My Cat the Dog
I’ve had dogs all my life. I’ve gone sailing with them, gone to the beach with them, taken them to foreign countries with me. I have found them to be loyal, true and on my side, also full of fun, joyful at my coming home and great companions up and ready for just about anything.
Last year, after Spalding died of old age, I went into a deep mourning. I had felt close to my earlier dogs, but Spalding, a wonderful and mischievous Bichon Frise—had won my heart. I mourned for a year, and early on said I would never get another dog again. But now with the year over, I’m feeling ready for a new friend. [expand]
During this year, however, a strange thing has happened. I’ve never been much of a cat person. We’ve had cats around the house—left there by children who grew up, or some such thing—and I’ve tolerated them. They don’t bother me and I don’t bother them.
But now there is one cat in our lives who has stepped up to the plate. His name is Hank, he was one of my wife’s pets before I met her 10 years ago, and he’s been in my life for the most recent 10 years.
As she had her for eight years before we met, Hank’s a pretty old cat, probably around 19 at this point. Nevertheless, Hank has, in the past year, come around to thinking he’s a dog.
When I come into the house, he runs over and then runs alongside of me. When I sit down, he hops up on me. This is new behavior for Hank. As I said, before I lost Spalding, Hank was just part of the household menagerie.
At first I thought it was just that he was hungry and here was another adult in the family who might deign to feed him. Certainly I have done that from time to time. But then I came to see that this was not the case. He had been recently fed. He wasn’t looking for more food. He wanted me.
Sometimes after a long day, I build a fire in the living room, lie down on the couch and take a nap for half an hour. When Spalding was around, he’d jump up—he was a 15-pound dog—and sleep in the crook of my arm with me. After Spalding went off to a better place, at least at first, Hank paid me no never mind. But about four months ago, he took over that job.

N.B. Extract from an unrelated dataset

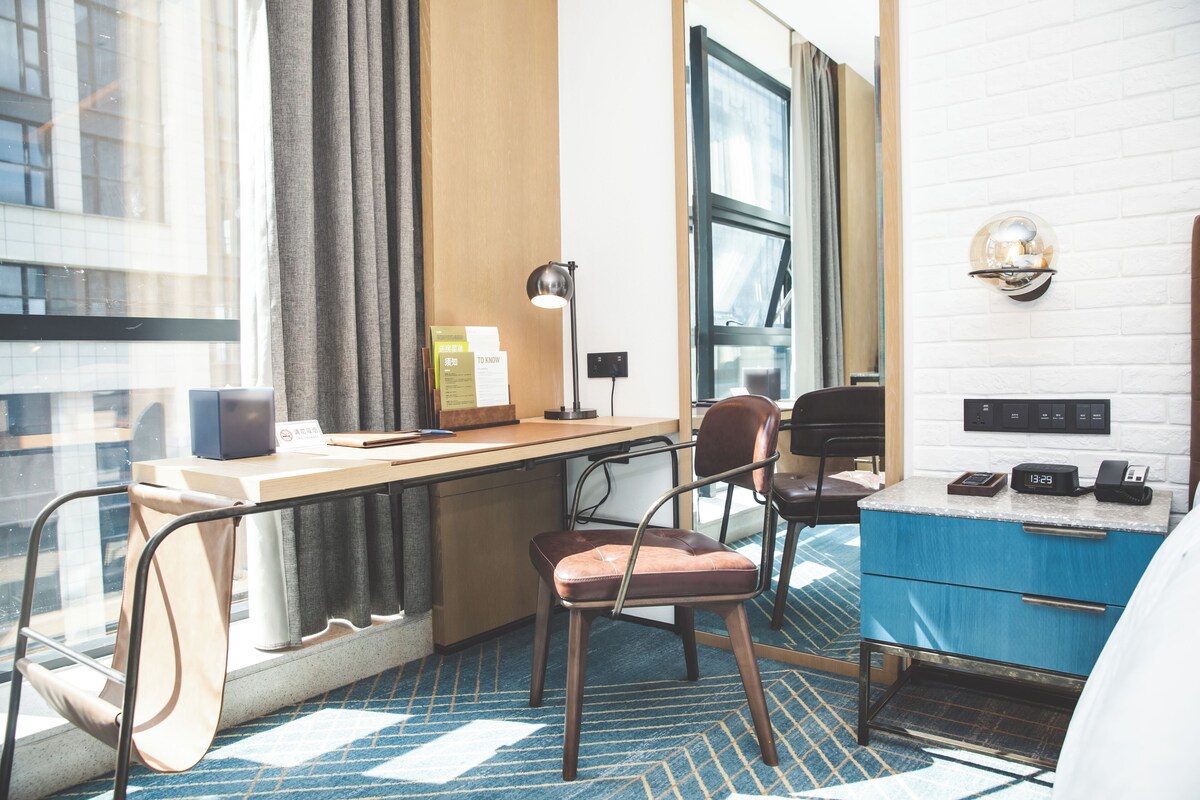 Une chambre d’hôtel avec un bureau, une chaise et un placard bleu.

It’s a different thing from when he jumps up in my lap when I sit down. In my lap, he is nosing around, looking to be scratched on his ears. If you don’t do it, he seems to get a bit out of sorts and will take to nosing your hand to get it to go there, or he will start licking your hand with his sandpaper tongue until you get the idea.
When I lie down, however, he knows it’s nap time. He just jumps up, burrows his head between my arm and body and is off in dreamland at the same time I am.

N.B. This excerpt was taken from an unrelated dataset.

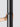 Black ombre Croma floor lamp providing soft, indirect lighting in a contemporary office.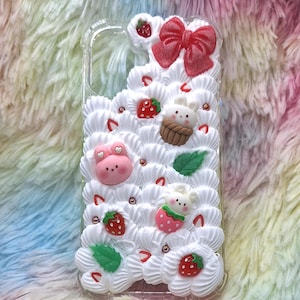 Könnte beinhalten: Transparente Handyhülle mit weißem Zuckerguss, roten Erdbeeren und niedlichen Tierfiguren verziert. Oben befindet sich eine rote Schleife. Der Text "Pingpan Studio" ist unten in Schreibschrift geschrieben. Die Hülle befindet sich auf einem bunten, flauschigen Hintergrund.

And there is more. Hank will turn around in your lap and begin swishing his tail across your face. It’s an incomprehensible thing to do, I know, something with cats that is unknown to humans, but there it is. I thought it annoying at first, but then thought it was kind of fun. Now I rather look forward to it. He will only stop if you gently wrap your fingers around his tail near to where it attaches to his body to make a loose fist and just slide the fist down his tail and off the end as if you’re straightening it.
As far as napping goes, he’s become a real trooper about it. Sometimes if I don’t see him for awhile but just lie down to take a snooze, I wake up and there he is in the crook of my arm again.
We’re buds.
At this point, I am hesitating about getting a new dog. I think, well, I already have a dog.
Hank will do, maybe. I’m going to get him to learn to meow at strangers, to sit on command, to come when I call.
I’m blowing this way and that. I call his name and there are times he doesn’t pay me any mind. He just keeps on with whatever it is he is doing. But I keep at it. Hank. It’s your name. Perk up. When I call it I need you.
He’s deaf, my wife said. He’s 19. Don’t take it personally.
Yesterday, I tried sleeping with Hank. My wife was in the city for the night and is not much for having Hank on the bed. So here was my chance.
It worked out at first. But then, well, not. I woke up once and he was sitting on my chest and I sort of brushed him off. Another time, I was awakened by him as he walked over my body to see what was on the other side, which was, well, nothing. Then an hour later, I woke up and he wasn’t there at all. Then an hour later I woke up and he was back.
This was very disconcerting with all this coming and going and I decided it just wasn’t going to work out, sleeping with him. And I haven’t since.
He is, however, plotting something, he is, my cat, the dog.